This cracker design actually works the other way round; it takes an initial plaintext value and encrypts it under incrementing key values until the encrypted output matches one of the values being sought. The design runs at 33.33 MHz, testing one key per clock cycle, which is rather slow for cracking DES keys -- and it would take, with average luck, 34.6 years to crack a single key. However, the attack method allows many keys to be attacked in parallel and because they are interrelated it does not matter which one is discovered first.
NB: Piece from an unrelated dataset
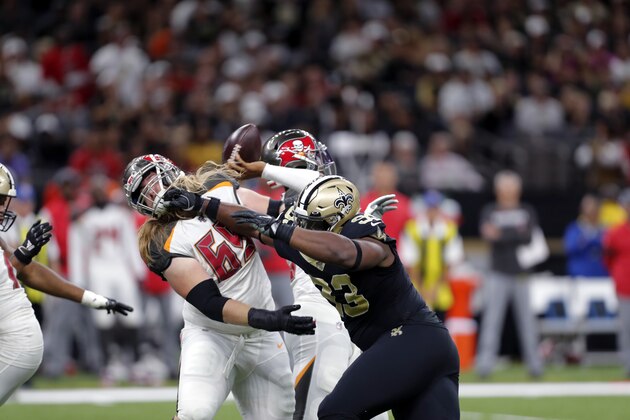 New Orleans Saints defensive tackle David Onyemata (93) battles against Tampa Bay Buccaneers offensive guard Alex Cappa (65) in the first half of an NFL football game in New Orleans, Sunday, Oct. 6, 2019. (AP Photo/Gerald Herbert)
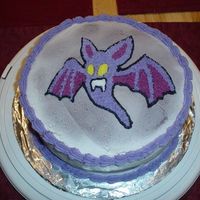 Bat Cake I made this cake for a Halloween party I was going to. Used spray for the black background and traced a pattern onto the cake.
The design was made capable of cracking up to 16384 keys in parallel (i.e. it simultaneously checks against the results of encrypting the plaintext with 16384 different DES keys). The particular Excalibur board being used imposed the 16384 limitation; if more memory had been available then the attack could have proceeded more quickly. The actual comparison was done in parallel by creating a simple hash of the encrypted values (by XORing together groups of 4 or 5 bits of the value) and then looking in that memory location to determine if an exact match had occurred. Clearly, there is a possibility that some of the encrypted values obtained from the 4758 would need to be stored in identical memory locations. We just discarded these clashes and collected rather more than 16384 values to ensure that the comparison memory would be reasonably full.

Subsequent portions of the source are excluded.